Hi Ary,

I think this is the issue. I'm not saying that D in itself is lacking anything. 
I think it is important to put an end to changing D (D2).

What I'm concerned about is that many projects stall. Including a project I 
started, which is now completely incompatible with D2.

What I want to say is that before we miss our chance, we need to get D2 going.

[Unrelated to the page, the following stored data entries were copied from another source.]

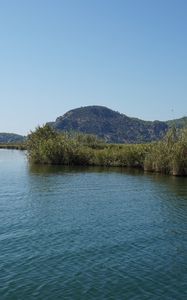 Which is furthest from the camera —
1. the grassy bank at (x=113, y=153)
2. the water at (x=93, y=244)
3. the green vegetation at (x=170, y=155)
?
the grassy bank at (x=113, y=153)

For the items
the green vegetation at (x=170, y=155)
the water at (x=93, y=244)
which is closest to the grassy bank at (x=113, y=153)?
the green vegetation at (x=170, y=155)

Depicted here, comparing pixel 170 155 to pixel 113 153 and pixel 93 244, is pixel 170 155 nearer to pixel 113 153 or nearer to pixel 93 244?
pixel 113 153

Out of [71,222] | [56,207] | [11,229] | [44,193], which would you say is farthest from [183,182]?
[11,229]

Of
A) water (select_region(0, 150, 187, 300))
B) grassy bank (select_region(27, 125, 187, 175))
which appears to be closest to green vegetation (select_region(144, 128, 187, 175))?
grassy bank (select_region(27, 125, 187, 175))

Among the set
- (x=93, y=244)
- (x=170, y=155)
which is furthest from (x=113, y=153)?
(x=93, y=244)

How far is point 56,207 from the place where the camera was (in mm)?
37344

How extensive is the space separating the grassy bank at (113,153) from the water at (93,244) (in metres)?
17.6

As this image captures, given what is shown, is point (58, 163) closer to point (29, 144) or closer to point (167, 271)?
point (29, 144)

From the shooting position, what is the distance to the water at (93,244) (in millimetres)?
19438

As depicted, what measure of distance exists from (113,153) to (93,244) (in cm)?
5606

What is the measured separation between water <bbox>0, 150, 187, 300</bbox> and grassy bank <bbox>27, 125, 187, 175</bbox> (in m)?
17.6

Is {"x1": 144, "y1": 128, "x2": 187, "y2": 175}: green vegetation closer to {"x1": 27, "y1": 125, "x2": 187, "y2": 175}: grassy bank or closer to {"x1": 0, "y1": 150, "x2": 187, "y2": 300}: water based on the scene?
{"x1": 27, "y1": 125, "x2": 187, "y2": 175}: grassy bank

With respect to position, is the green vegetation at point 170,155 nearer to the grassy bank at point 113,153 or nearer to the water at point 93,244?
the grassy bank at point 113,153

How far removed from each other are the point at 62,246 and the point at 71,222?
611 centimetres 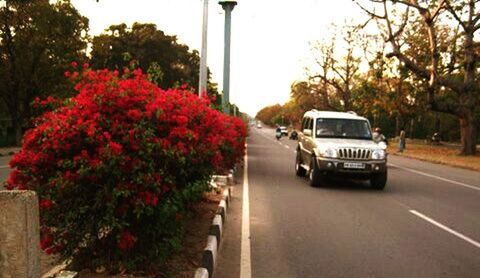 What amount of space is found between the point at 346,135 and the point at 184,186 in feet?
32.0

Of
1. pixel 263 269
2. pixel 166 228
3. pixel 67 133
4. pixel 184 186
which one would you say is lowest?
pixel 263 269

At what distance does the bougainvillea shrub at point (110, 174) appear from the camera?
538 cm

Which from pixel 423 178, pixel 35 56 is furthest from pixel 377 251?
pixel 35 56

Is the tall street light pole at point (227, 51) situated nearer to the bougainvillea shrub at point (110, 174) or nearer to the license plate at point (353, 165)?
the license plate at point (353, 165)

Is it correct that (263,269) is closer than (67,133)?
No

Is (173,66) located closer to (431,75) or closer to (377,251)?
(431,75)

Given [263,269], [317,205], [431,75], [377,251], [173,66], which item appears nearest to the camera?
[263,269]

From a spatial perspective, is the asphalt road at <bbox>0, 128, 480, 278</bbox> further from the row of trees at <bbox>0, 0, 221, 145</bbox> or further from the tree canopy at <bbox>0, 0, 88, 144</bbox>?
the tree canopy at <bbox>0, 0, 88, 144</bbox>

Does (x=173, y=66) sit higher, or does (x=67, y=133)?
(x=173, y=66)

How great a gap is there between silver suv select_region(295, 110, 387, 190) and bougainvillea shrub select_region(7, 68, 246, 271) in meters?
8.31

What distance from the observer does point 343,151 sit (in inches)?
545

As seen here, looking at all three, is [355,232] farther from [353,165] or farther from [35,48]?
[35,48]

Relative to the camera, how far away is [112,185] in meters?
5.47

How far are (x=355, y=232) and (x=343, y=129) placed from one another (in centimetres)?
687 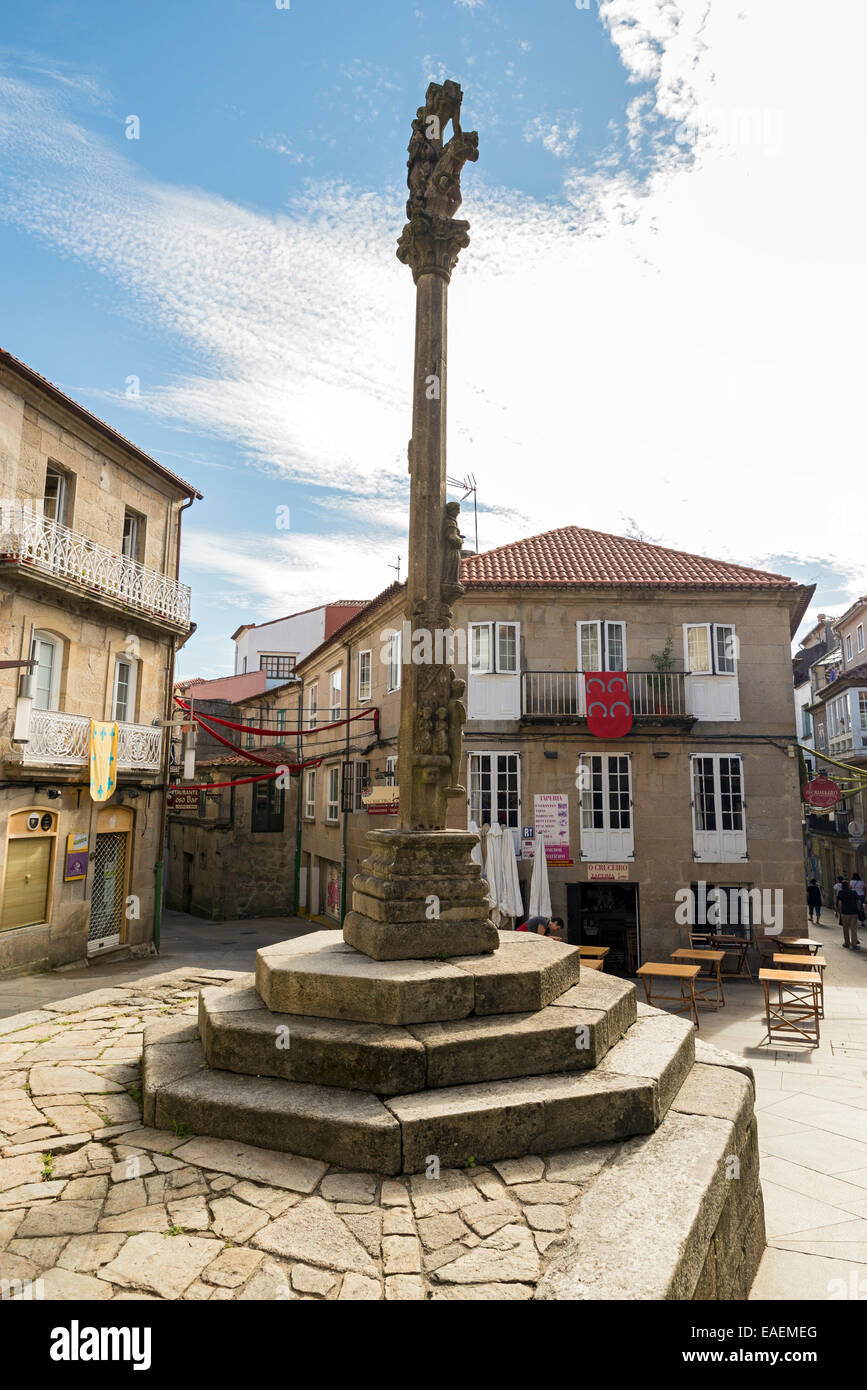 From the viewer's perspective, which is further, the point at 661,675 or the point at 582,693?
the point at 661,675

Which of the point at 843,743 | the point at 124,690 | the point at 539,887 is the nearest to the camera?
the point at 539,887

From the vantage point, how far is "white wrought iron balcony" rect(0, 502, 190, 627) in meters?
12.7

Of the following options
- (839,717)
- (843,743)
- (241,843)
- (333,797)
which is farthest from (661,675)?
(839,717)

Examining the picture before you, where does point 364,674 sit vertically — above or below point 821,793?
above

I'm rightfully concerned about two main libraries (Phobos and Tango). It's next 
to being impractical, also very confusing. If I want to develop anything new, I 
want to know what I should and shouldn't use. So that others are able to use 
what I develop in a sensible way.

I know I'm repeating a discussion that many others already tried to discuss. 
And I doubt that I'm on my own in this.

I'm not saying that I don't want to do anything. I do want to do. But I also 
want it to be meaningful.

So, my first question would be: What is going to be the main-purpose library 
for D2? Phobos or Tango. With that answered I'm willing to port things over and 
help development. Without that, knowing that half of the users can't use half 
of the tools/libraries, I don't see much purpose in doing this. Since it is not 
realistic, and I can put effort in things that are more worthwhile.

Ary Borenszweig Wrote:

> Sjoerd van Leent escribió:
> > Lately, I've been tuning in to the development of D again. But what I see 
> > is rather disturbing.
> > 
> > There is a new continuation of the old D, in the newer D2. Personally, I 
> > think this is good, as long as there will be a defined end to D2. What 
> > disturbs me more, is that there appears to be no coherent development.
> > 
> > There are all nice ideas, but it appears that one project dies after the 
> > other.
> > 
> > I see a number of problems, which keep D from growing up.
> > 
> > There appears to be a lack of understanding about whom are going to use the 
> > language. D is targeted at the niche of C and C++. Next to D, there are 
> > .NET and Java. These are all competitors. Other popular languages, such as 
> > Python and Ruby, though being non-system languages, have their share as 
> > well. As I look at it, I come to some essential conclusions:
> > 
> > All of these environments have a stable language, and on top of that, ONE 
> > single main library. With C++ this is STL/IOStream, with .NET and Java it's 
> > their respective libraries. Similar for Python and Ruby. With D however, 
> > there are at least 2 main libraries (Phobos and Tango), whereof Tango 
> > doesn't support D2. It is unacceptable for the target audience to find this 
> > situation. Tools can't interoperate, libraries can't interoperate, etc.
> > 
> > There are a lot of ideas for nice tools. But the essential base is missing. 
> > For large projects there is the need for a decent IDE and the need for 
> > dynamic linking. Although attempts are made, it all appears to stall. There 
> > is barely any usable main-purpose library.
> > 
> > As D2 will be finished hopefully not to long from now, especially the 
> > specification, I would really request to start thinking about how to 
> > continue. D is a nice language, with great opportunity. But without 
> > management, even when it is nice, it will fail.
> > 
> > I would like to ask everyone interested in getting D up and running for 
> > main-stream purposes, to sit together and think about solutions.
> > 
> > Anyway, I hope I'm not putting too much poison into the newsgroup, but I 
> > really needed to say this.
> 
> Lately a lot of people are complaining about "D lacks this", "D lacks that".
> 
> I can only speak for the IDE part of your post: I'm working on it, and 
> I'm almost alone.
> 
> So if you want to do something for D, get your hands dirty.